Longtime partner Save the Chimps, which offers lifelong care to chimpanzees rescued from research laboratories, the pet trade, and the entertainment industry, received renewal funding. The Florida sanctuary is currently home to about 230 chimpanzees living on 3- to 5-acre islands. Under the leadership of a new chief executive officer, Save the Chimps will pilot a new climbing structure that could serve as a model for upgrading structures throughout the facility. The sanctuary will also implement a standardized testing protocol for COVID-19 to protect its residents.
The North American Primate Sanctuary Alliance will continue implementing a fundraising plan to provide safe, permanent homes for the 32 chimpanzees still displaced by the 2019 closure of Wildlife Waystation in California. Investments in existing chimpanzee sanctuaries will not only enable housing for these individuals, but also increase the overall capacity of U.S. facilities to consistently and sustainably provide high levels of care.

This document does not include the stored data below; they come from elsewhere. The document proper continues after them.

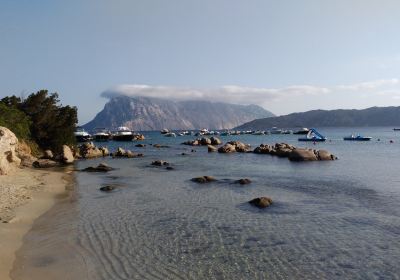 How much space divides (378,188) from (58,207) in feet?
85.9

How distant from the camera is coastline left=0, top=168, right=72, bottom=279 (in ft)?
53.4

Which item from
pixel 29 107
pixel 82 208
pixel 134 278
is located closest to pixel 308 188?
pixel 82 208

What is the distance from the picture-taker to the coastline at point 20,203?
1628 centimetres

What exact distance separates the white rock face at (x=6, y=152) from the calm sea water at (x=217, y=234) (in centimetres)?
881

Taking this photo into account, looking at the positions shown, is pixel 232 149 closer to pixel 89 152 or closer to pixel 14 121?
pixel 89 152

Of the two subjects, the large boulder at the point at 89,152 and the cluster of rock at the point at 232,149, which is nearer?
the large boulder at the point at 89,152

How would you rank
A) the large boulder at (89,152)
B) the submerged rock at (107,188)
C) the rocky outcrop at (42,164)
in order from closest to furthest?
the submerged rock at (107,188) < the rocky outcrop at (42,164) < the large boulder at (89,152)

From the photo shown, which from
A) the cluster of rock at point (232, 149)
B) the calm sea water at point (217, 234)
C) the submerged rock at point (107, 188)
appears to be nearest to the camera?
the calm sea water at point (217, 234)

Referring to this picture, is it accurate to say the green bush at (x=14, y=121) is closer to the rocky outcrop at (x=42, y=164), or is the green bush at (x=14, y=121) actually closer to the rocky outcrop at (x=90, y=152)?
the rocky outcrop at (x=42, y=164)

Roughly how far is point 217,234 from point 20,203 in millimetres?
13915

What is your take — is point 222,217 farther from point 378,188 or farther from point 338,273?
point 378,188

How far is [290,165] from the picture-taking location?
174 feet

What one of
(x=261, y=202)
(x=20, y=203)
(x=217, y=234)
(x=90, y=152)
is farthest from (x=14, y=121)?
(x=217, y=234)

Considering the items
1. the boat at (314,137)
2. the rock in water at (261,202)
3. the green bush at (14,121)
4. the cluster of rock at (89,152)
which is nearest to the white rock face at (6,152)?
the green bush at (14,121)
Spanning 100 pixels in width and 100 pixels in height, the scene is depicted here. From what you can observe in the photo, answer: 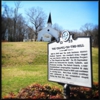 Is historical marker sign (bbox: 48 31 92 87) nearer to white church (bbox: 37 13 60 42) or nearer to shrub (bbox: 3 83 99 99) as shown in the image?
white church (bbox: 37 13 60 42)

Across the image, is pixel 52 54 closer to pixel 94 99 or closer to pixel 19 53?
Result: pixel 19 53

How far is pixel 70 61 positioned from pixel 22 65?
5.50 feet

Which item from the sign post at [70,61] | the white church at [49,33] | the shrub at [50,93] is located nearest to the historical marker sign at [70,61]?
the sign post at [70,61]

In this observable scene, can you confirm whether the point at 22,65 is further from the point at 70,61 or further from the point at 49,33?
the point at 70,61

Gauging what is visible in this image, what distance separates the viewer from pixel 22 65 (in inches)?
286

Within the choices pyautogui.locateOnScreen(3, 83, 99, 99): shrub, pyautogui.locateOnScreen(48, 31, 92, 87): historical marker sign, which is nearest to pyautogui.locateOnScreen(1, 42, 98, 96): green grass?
pyautogui.locateOnScreen(3, 83, 99, 99): shrub

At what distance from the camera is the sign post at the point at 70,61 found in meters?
6.14

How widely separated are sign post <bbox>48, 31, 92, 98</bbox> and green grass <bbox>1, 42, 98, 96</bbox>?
27 cm

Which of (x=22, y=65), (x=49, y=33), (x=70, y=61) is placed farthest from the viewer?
(x=22, y=65)

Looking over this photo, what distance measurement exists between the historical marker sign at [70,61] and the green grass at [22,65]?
0.27m

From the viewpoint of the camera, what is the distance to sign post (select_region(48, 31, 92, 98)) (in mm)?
6137

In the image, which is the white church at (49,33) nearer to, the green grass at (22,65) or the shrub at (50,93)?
the green grass at (22,65)

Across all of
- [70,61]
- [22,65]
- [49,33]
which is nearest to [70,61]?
[70,61]

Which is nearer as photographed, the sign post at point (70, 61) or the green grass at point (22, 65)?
the sign post at point (70, 61) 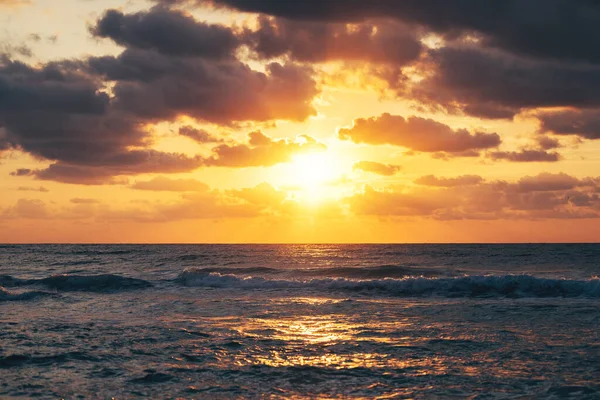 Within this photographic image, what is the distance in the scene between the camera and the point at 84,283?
1837 inches

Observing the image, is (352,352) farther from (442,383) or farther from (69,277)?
(69,277)

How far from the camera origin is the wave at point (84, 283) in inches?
1757

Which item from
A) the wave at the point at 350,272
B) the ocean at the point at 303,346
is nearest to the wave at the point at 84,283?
the ocean at the point at 303,346

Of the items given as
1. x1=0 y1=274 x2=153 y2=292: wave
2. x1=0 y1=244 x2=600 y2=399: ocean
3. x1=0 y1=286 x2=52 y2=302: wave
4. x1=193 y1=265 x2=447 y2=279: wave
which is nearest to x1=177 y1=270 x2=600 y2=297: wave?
x1=0 y1=244 x2=600 y2=399: ocean

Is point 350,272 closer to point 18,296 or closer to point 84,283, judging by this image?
point 84,283

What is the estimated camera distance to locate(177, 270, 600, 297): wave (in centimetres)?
3747

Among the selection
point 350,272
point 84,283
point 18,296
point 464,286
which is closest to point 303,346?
point 464,286

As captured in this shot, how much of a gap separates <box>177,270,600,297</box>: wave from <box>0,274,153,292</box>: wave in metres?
7.33

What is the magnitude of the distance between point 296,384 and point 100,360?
6.74 meters

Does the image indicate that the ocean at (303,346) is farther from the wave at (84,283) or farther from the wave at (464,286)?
the wave at (84,283)

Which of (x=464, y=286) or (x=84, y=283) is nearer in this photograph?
(x=464, y=286)

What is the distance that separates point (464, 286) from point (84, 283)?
1201 inches

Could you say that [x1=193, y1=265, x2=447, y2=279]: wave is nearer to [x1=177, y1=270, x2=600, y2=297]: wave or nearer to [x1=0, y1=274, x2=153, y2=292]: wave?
[x1=0, y1=274, x2=153, y2=292]: wave

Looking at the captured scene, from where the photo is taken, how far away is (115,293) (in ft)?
134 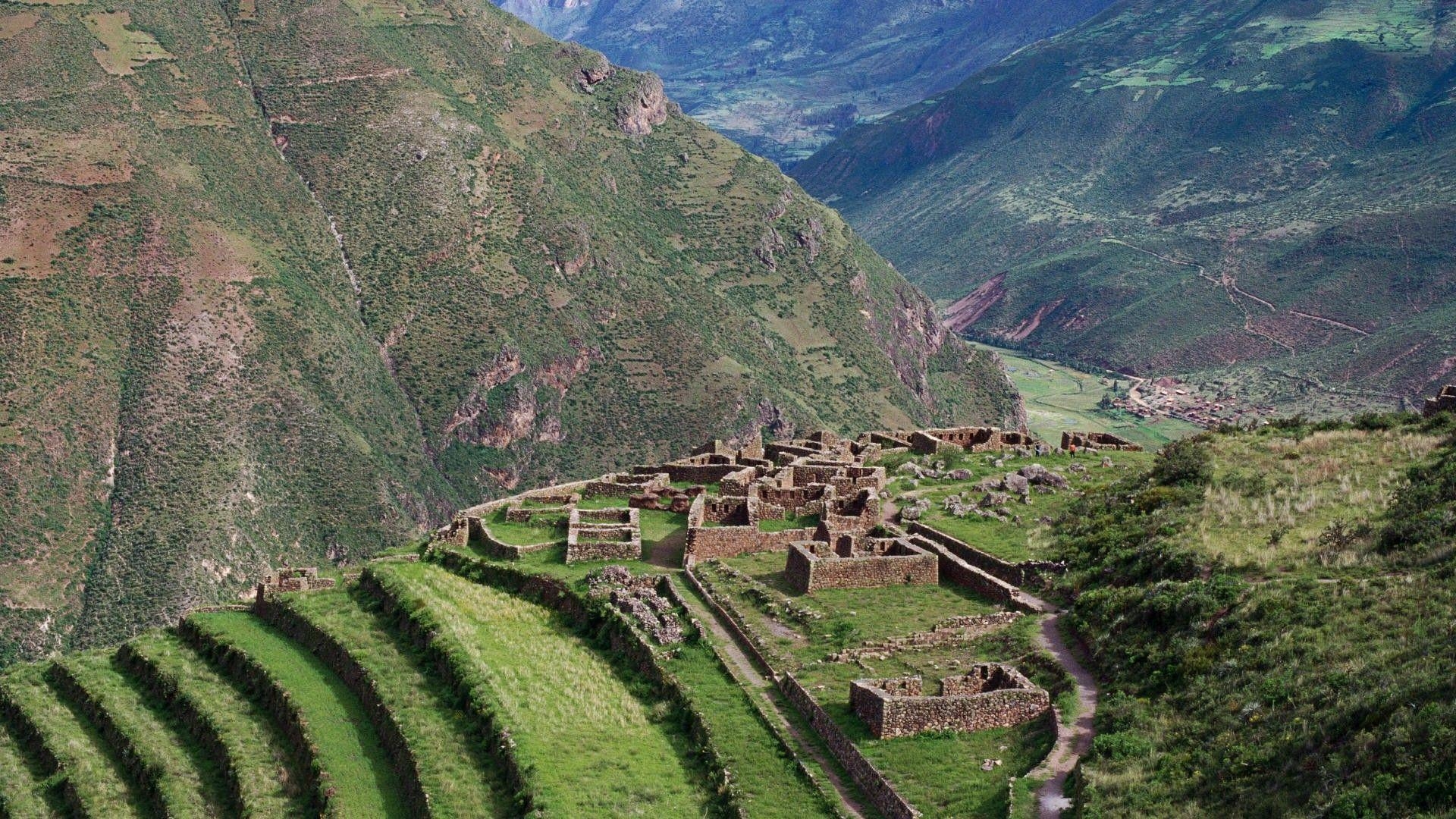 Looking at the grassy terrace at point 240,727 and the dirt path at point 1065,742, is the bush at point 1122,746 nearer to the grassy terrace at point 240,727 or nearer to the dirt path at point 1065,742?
the dirt path at point 1065,742

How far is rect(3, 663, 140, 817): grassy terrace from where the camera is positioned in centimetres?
4594

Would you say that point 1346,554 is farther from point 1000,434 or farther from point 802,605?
point 1000,434

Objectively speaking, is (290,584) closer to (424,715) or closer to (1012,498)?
(424,715)

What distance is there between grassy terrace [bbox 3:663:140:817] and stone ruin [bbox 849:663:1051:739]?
907 inches

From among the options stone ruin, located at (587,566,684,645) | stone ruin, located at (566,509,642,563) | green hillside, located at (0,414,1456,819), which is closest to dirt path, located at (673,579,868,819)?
green hillside, located at (0,414,1456,819)

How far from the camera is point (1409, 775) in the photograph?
24547 mm

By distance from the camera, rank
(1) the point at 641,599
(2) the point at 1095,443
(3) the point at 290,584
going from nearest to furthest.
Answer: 1. (1) the point at 641,599
2. (3) the point at 290,584
3. (2) the point at 1095,443

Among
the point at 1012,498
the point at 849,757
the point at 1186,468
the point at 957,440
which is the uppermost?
the point at 957,440


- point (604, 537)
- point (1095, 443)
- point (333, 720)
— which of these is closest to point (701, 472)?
point (604, 537)

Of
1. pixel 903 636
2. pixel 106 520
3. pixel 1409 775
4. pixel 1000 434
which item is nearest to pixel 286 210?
pixel 106 520

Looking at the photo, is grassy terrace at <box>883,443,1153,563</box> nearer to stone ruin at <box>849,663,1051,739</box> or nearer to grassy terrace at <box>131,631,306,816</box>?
stone ruin at <box>849,663,1051,739</box>

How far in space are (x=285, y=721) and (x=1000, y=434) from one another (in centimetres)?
3763

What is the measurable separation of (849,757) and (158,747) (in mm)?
24007

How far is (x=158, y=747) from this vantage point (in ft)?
155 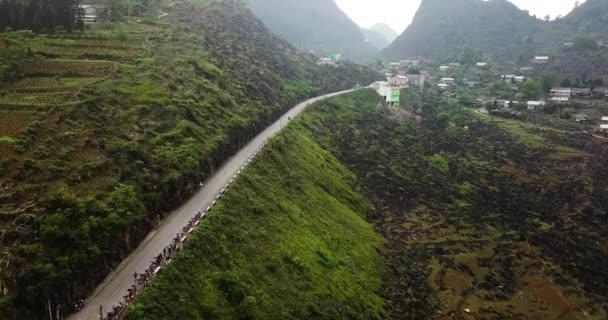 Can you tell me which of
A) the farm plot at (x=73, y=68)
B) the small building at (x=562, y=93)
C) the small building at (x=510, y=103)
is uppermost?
the farm plot at (x=73, y=68)

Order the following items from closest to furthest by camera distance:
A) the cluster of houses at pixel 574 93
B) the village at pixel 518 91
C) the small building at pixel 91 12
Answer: the small building at pixel 91 12 → the village at pixel 518 91 → the cluster of houses at pixel 574 93

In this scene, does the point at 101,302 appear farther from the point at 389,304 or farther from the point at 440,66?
the point at 440,66

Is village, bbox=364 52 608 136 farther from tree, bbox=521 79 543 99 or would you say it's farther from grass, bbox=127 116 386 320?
grass, bbox=127 116 386 320

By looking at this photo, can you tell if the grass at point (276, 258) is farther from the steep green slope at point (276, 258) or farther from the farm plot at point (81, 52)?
the farm plot at point (81, 52)

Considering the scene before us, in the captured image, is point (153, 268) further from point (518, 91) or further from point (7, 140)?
point (518, 91)

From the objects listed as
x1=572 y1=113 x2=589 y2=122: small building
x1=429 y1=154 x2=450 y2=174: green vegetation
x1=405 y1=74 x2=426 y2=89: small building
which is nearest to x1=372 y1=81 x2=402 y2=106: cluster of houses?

Raising awareness, influencing actions
Information and awareness are essential to encouraging behaviors and actions that support the conservation of apes and the coexistence of humans and wildlife.
Conservation news outlet Mongabay received renewal support for a special reporting project about threats to apes, issues that impact their conservation and well-being, and the global and grassroots efforts to save them. Mongabay will expand coverage by funding a Francophone Africa news editor.
Borneo Nature Foundation received a second grant to collaborate with Internet of Elephants and Goualougo Triangle Ape Project to continue developing Wildeverse, an online game that aims to change perceptions and behaviors to protect forests and wildlife. The support will help to update the game based on player feedback and customize it for users in Indonesia, a country with an estimated 100 million gamers and numerous critical ape habitats.
Also receiving grants this funding cycle were:
- Chimbo Foundation to link chimpanzee and human culture and build conservation practices in Boé, Guinea Bissau.
- Pan African Sanctuary Alliance to strengthen capacity for the alliance and its key member sanctuaries to implement a communications program intended to effect social and behavioral change to reduce the illegal trade of western chimpanzees.